(original article published in the Australian Magazine SX News) - SX News Barry Lowe pays homage to a trailblazing, visionary auteur –
Jean-Daniel Cadinot, who has died, aged 64.
One of my all-time favourite gay porn movies is Chaleurs (roughly translated as ‘hot ones’), and in pre-DVD days I played it so often on video that its colour and quality deteriorated badly. When it was released on DVD I discovered it had lost none of its fascination.
The movie contains French and Dutch twinks, Arab studs, Moroccan landscapes, an aroused donkey, and rape fantasies. It is one of French director Jean-Daniel Cadinot’s early masterworks. So it was with some sadness to learn Cadinot died of a heart attack on April 23 at the age of 64.
One of the greats of the gay porn industry – yes, as much art goes into pornography as an episode of Dexter – was born February 10, 1944 in German-occupied Paris to parents who were men’s tailors.
He always maintained he knew he was gay by the age of 12 and wanted to become a painter but his parents objected. He ran away from home at 17 and, in the early 1960s, studied photography before tentatively tackling male nude portraits of the famous, such as writer Yves Navarre and singer Patrick Juvet.
His early gay photography appeared in Gai Pied and before the progression to movies he had sold around 170,000 copies of his 17 books of male photographic studies. In 1978 he set up his own company French Art.
He revealed: “The still photo became too limiting. I quickly reached its boundaries and I had a desire for action and movement. I wanted to go further, to tell our collective stories as gay men. Video enabled me to do just that”.
His first porn feature, Tendres Adolescents, was released in 1980. Outside Europe the titles were usually anglicised and credited to Tony Dark. His films were propelled by more realistic and human-scale storylines than was usual in gay porn of the period, and which he said were autobiographical, albeit not in a truly literal sense.
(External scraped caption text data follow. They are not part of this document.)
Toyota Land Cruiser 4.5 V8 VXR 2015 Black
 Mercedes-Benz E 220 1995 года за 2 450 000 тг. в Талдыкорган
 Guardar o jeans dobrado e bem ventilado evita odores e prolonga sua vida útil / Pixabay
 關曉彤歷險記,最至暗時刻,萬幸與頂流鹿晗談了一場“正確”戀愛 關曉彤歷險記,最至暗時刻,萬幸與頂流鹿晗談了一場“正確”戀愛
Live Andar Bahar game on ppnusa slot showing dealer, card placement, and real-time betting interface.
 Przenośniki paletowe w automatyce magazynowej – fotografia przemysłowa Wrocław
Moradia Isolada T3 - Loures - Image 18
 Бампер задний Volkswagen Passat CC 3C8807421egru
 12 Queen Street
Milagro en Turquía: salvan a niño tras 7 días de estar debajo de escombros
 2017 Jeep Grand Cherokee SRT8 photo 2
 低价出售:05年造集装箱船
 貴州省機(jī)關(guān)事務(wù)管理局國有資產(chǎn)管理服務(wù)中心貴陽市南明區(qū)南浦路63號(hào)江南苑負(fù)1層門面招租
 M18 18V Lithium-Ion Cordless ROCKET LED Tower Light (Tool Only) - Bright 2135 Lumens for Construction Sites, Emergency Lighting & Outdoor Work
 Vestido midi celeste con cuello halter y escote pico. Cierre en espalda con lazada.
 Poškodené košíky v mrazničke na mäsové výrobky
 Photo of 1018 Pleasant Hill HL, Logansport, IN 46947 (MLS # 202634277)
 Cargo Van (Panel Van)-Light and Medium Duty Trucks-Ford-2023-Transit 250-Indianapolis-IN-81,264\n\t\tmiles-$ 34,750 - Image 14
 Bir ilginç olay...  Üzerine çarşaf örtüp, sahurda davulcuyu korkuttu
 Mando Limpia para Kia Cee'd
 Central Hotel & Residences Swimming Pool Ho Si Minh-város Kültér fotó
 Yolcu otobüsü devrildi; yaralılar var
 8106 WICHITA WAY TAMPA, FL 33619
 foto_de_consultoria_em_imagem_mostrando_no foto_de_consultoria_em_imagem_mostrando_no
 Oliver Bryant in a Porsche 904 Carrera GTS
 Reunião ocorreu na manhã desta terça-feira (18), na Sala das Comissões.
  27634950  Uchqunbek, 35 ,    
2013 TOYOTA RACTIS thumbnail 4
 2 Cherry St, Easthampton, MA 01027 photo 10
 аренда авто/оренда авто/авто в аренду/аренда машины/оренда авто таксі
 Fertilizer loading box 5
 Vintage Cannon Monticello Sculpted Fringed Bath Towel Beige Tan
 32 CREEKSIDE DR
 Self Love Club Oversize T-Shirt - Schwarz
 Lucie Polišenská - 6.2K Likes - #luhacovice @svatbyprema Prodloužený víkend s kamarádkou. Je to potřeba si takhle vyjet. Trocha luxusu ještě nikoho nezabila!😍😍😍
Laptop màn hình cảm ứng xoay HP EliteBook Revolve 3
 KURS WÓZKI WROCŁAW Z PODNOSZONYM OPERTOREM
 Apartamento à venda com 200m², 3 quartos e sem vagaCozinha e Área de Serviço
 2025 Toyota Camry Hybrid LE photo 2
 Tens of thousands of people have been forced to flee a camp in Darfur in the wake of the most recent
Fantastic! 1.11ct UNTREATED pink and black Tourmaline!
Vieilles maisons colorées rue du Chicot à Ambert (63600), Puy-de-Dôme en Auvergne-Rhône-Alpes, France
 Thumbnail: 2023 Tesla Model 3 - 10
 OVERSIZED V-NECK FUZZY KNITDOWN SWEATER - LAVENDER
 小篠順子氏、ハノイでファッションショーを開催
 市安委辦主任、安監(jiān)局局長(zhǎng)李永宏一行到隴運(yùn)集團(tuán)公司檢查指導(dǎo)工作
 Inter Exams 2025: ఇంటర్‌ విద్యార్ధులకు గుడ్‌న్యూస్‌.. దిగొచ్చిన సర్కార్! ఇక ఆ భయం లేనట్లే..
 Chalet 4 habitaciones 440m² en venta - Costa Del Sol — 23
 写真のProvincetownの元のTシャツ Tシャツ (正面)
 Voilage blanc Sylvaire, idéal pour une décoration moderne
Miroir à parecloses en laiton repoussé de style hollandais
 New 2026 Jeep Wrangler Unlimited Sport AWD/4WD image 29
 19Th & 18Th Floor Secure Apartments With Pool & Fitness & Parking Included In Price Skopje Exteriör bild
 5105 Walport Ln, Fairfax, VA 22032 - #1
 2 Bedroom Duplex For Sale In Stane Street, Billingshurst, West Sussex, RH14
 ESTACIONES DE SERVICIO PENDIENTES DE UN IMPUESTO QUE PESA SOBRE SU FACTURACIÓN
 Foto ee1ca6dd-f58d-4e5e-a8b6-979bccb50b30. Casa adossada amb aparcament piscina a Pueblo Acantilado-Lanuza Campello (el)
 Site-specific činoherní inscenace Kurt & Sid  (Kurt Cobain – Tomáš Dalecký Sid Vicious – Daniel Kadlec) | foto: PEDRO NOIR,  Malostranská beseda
His preoccupations were apparent from his early films: young men in all-male environments, boys’ homes, religious schools and Boy Scouts, as well as a love of outdoor scenes, men from North Africa, fetishistic white underpants and non-consensual sex, particularly in Chaleurs in which a French twink is raped by two Arab men while asleep, and Les Minets Sauvages, which included a pack rape in a boy’s home. His mother also appeared in a small number of his movies in non-sexual roles.
When questioned about his use of young, usually non-professional, actors who did not fit the US gym-toned hairless American porn ideal, he said: “To me they represent the freshness and innocence of youth. They are provocative: a 20-year-old is more subversive than a 30-year-old; there is not yet the weight of socialisation and education on his shoulders; he is not yet moulded into society. I like the freshness but also the intelligence of these guys.
I do not choose Apollo-type men with big penises. I want men that could be your average next door neighbours – fresh, natural, without any complexes regarding their sexuality or their sexual tastes.”
The life-affirming exuberance of his films was acknowledged in the 1990s with numerous adult video awards acknowledging he lived by the motto: “An erect phallus is a symbol of life, a cross a symbol of death.”
His death was announced on his website: Dear friends, critics and others – If you’re reading these words I will have put down my camera, switched off the lights, drawn the curtains and taken my final bow.
May all the efforts and work of a whole life, the quest for the moment of pure truth in the sublime communion of two beings under the spell of undefinable desire for the other, inspire those who inherit my heart.